- **TASK ITEM**
Only the pictures are to be omitted; everything else in the listing must be reproduced exactly.

- **RAW DATA**
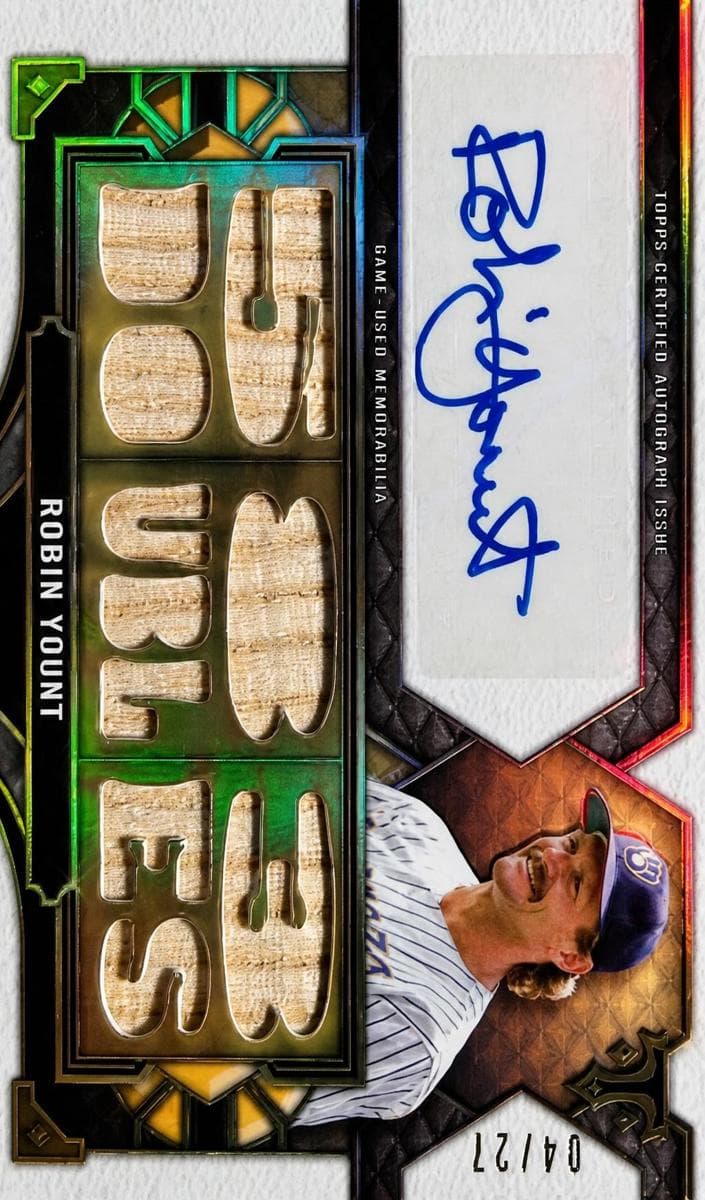Robin Yount 2022 topps Topps Triple Threads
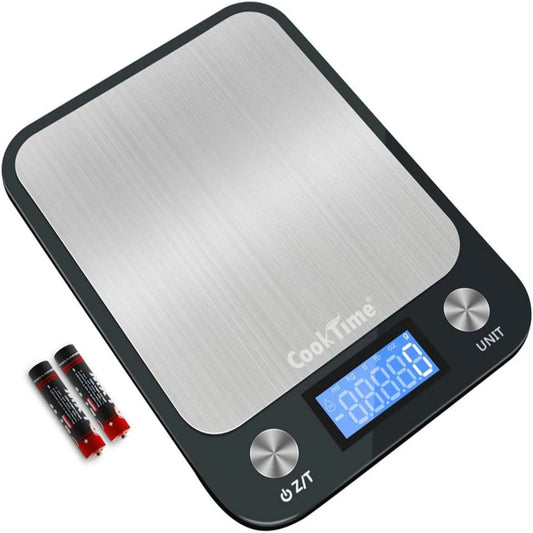 Digital Kitchen Scale 22lb/10kg - Ultra Slim & Lightweight -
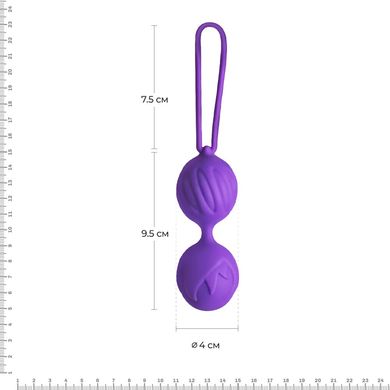 купити Вагінальні кульки Adrien Lastic Geisha Lastic Balls BIG Violet (L), діаметр 4 см, вага 90 гр AD40293 фото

- **RESULT OF THE TASK**
Robin Yount 2022 topps Topps Triple Threads
 Digital Kitchen Scale 22lb/10kg - Ultra Slim & Lightweight -
 купити Вагінальні кульки Adrien Lastic Geisha Lastic Balls BIG Violet (L), діаметр 4 см, вага 90 гр AD40293 фото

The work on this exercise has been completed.